1) Refugee policy: Donald Trump’s Executive Orders on refugees and immigration have of course brought debates over refugee policy back into the news, but in a particularly oversimplified—and fearful and paranoid and factually challenged—way. The situation and issues facing President Jimmy Carter in 1980, on the other hand, illustrate just how complex and multi-layered national decisions about refugee policy are (even for those of us, like me and I believe Carter, who feel strongly that the U.S. should always try to welcome refugees). There are the perspectives and realities of a sovereign nation like Cuba, and of our own evolving relationship with that nation (Carter and Castro had worked to alleviate some tensions between the two nations over the years leading up to Mariel). There are the humanitarian and practical questions of where and how the refugees will be resettled in the United States, and what that will mean for the communities to which they arrive (Miami was most definitely and profoundly changed by the Marielitos). And there are the thorny but inevitable comparative questions—what do our decisions in response to this particular refugee community mean for the millions of others seeking and waiting for the chance to asylum? All difficult issues, and all raised with clarity by the Mariel boatlift.

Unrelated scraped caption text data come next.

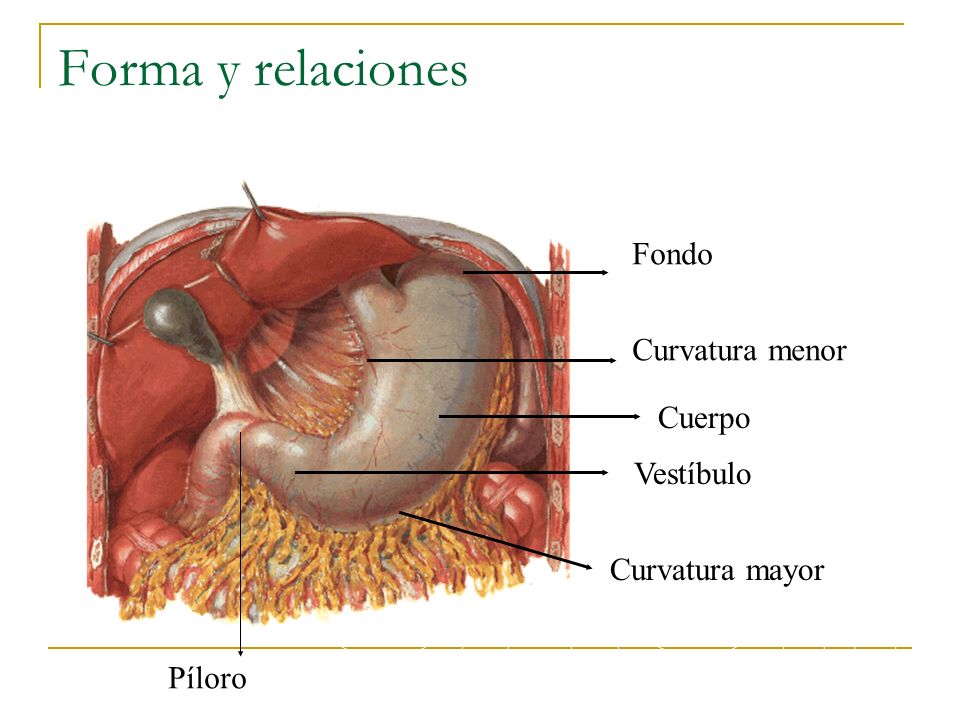 Forma y relaciones UACh Fondo Curvatura menor Cuerpo Vestíbulo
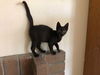 Wilber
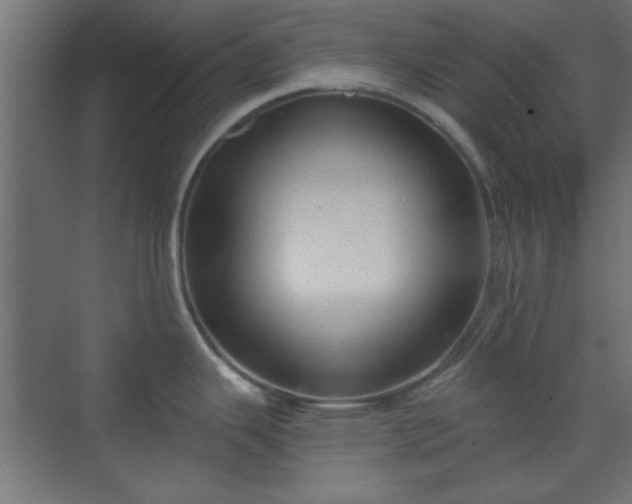 X0000070201343200606021219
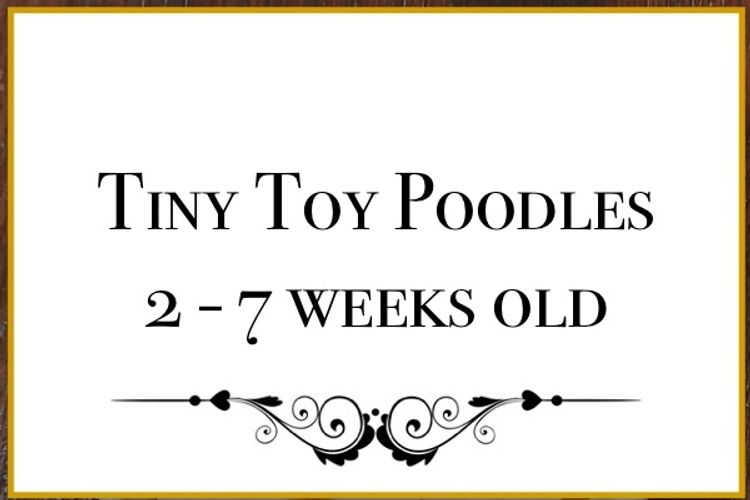 Lunabelle Tiny Toy Poodles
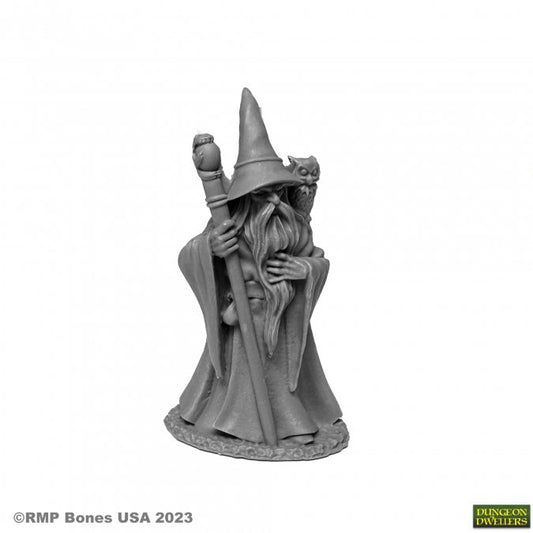 RPR 07077: Anuminar Winterbeard, Wizard - Dungeon Dwellers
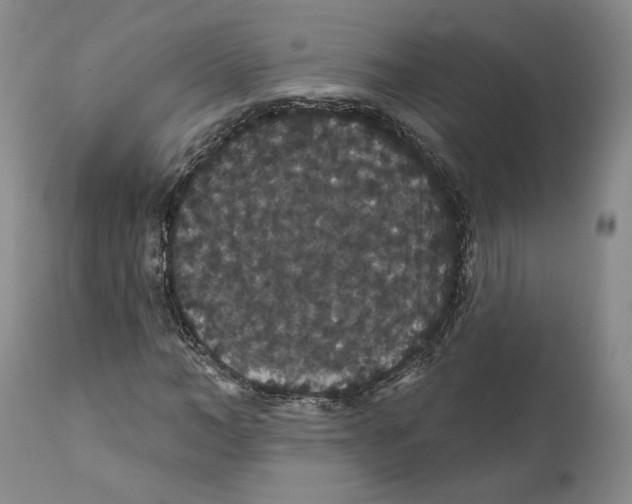 X0000111910966200908241023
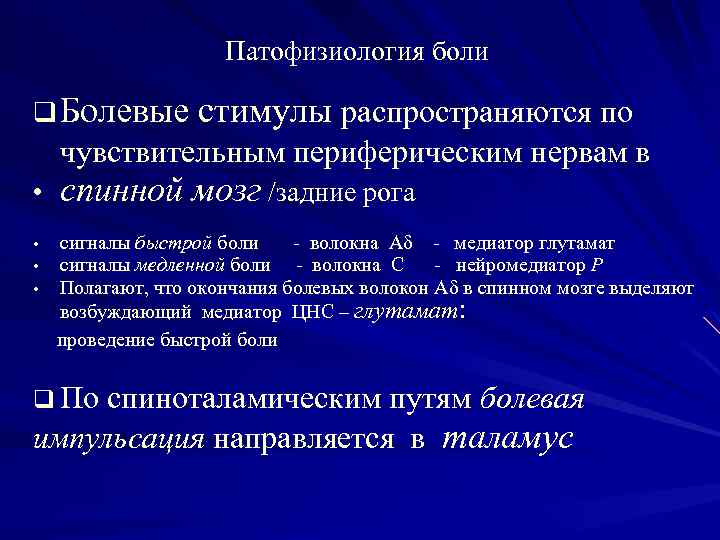 Патофизиология боли q Болевые стимулы распространяются по чувствительным периферическим нервам в • спинной мозг
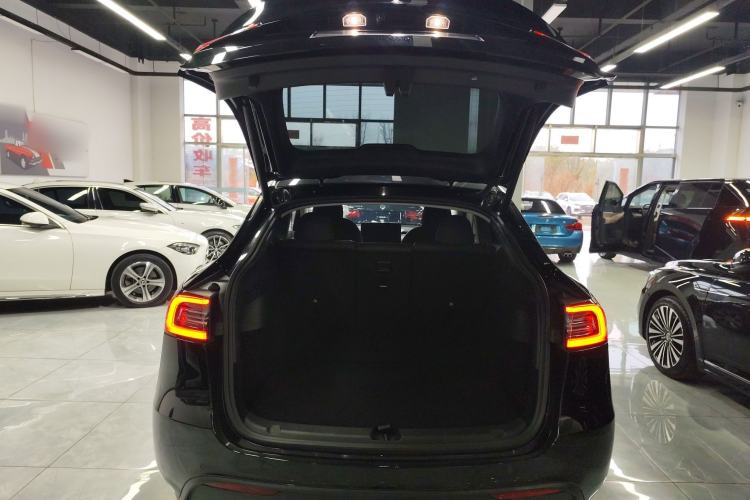 Used Tesla Model Y 2021 Standard Range Rear-Wheel Drive Version
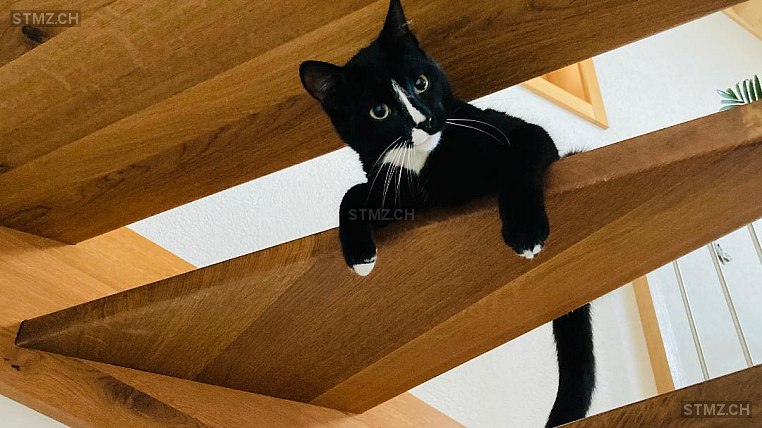 Picasso — Hauskatze ♂, Vermisst seit 16.06.2024, Cerniat FR (FR)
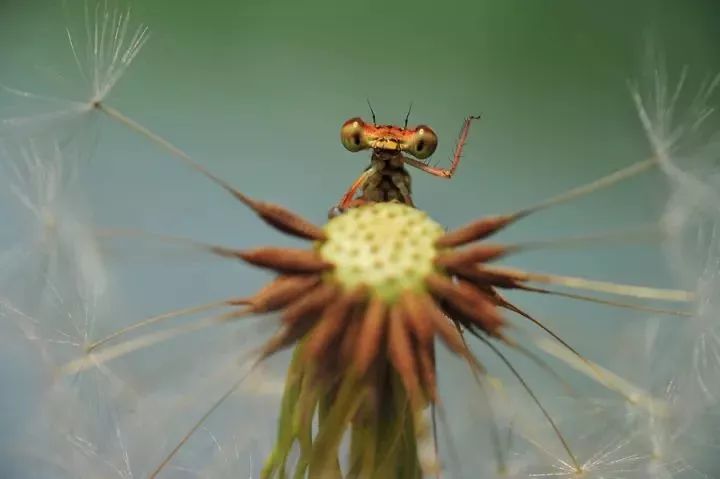 15280865761534bb7c4928e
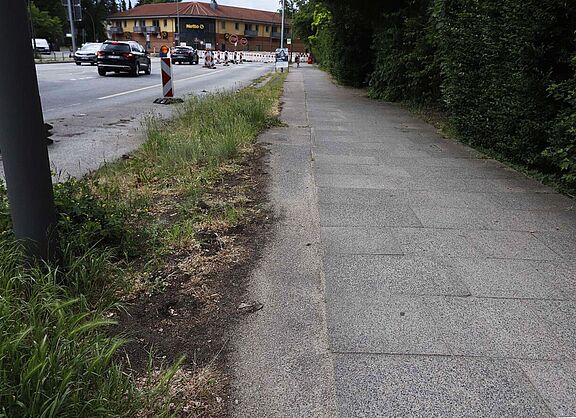 Zugewucherter Radweg
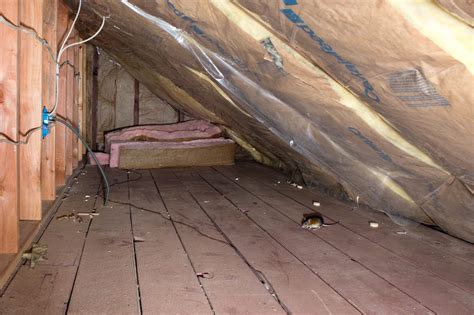The Top 5 Signs Your Home Needs Insulation Replacement | Home Solutions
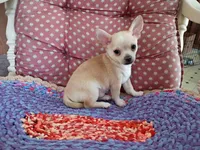 Copper, a male Chihuahua for sale in Grovespring, MO – 8 of 8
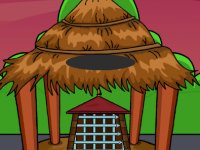 Rescue The Mourning Dove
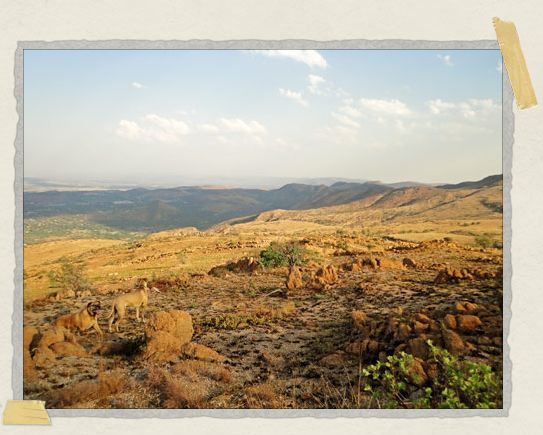 'Hiking through the mountains with some four-legged friends
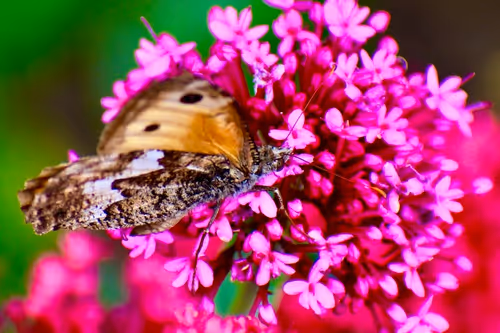 Item #90242850713282573943473333333408540290237184150123135597774242564973317324801 Media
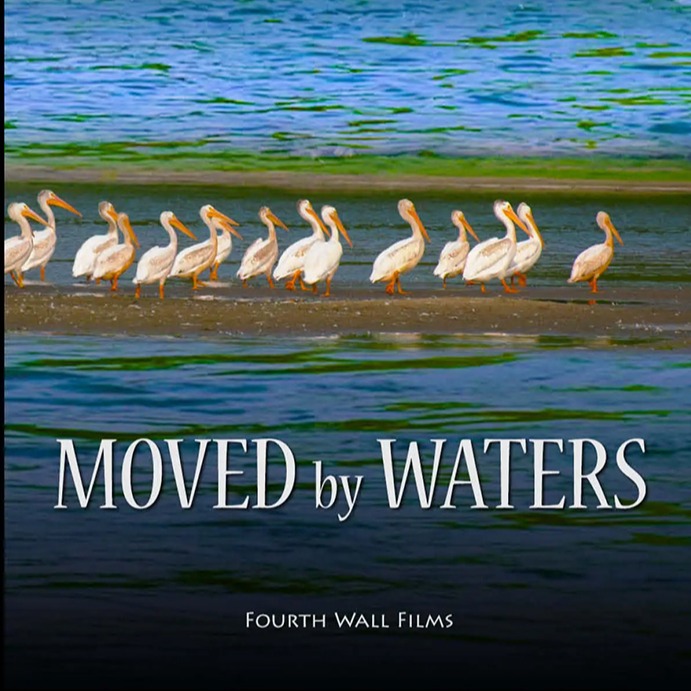 Moved by Waters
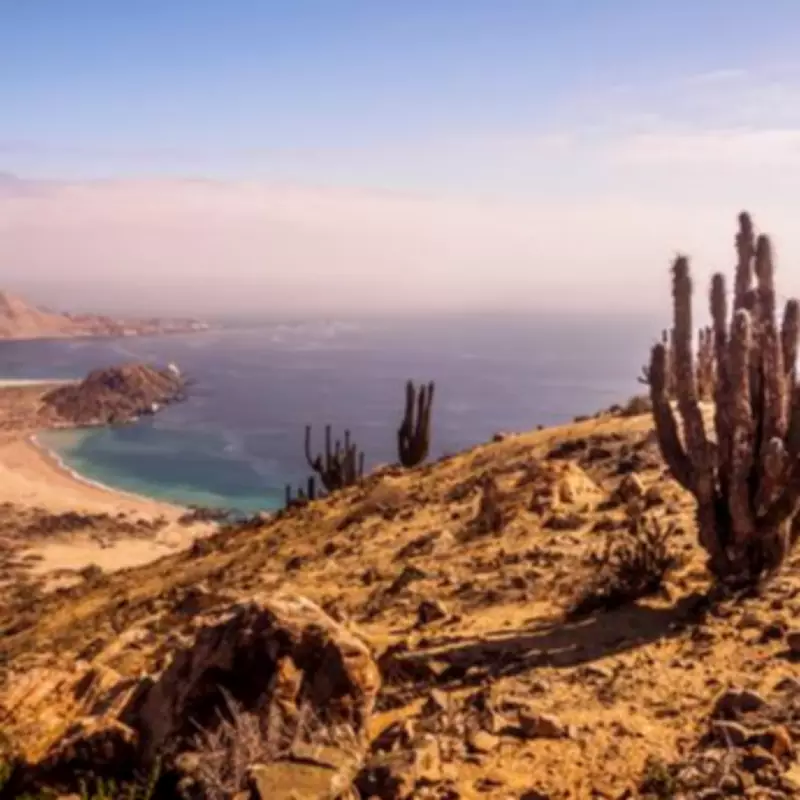 Major 6.2 Magnitude Earthquake Strikes Ovalle in Central Chile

2) The boatlift in art: Refugee and immigration histories aren’t just about governments and policies, though—they’re also and most importantly about communities and stories, about identities and lives. Artistic and cultural texts are particularly good at portraying those latter sides to histories, and I would highlight three very distinct such texts about the Mariel boatlift. The Brian De Palma film Scarface (1983) uses the story of one fictional Marielito, Tony Montana (Al Pacino in one of his most famous performances), to consider some of our most overarching national narratives, from the ideals of the American Dream to the most sordid nightmares of violence and crime. Christine Bell’s novel The Pérez Family (1991; adapted into a 1995 film) focuses more fully on themes of community, both among the Marielitos (the protagonists are characters who share the same last name and decide to pass as a family) and in relationship to the Cuban-American community (Juan Pérez is looking for his wife, who has already been in the United States for decades by the time he arrives). And Reinaldo Arenas’ autobiography Before Night Falls (1992; adapted into a 2000 film) tells the harrowing story of one individual writer before, during, and after the boatlift. Each text is different in medium and genre as well as story and theme, but taken together they offer a powerful artistic portrayal of the boatlift.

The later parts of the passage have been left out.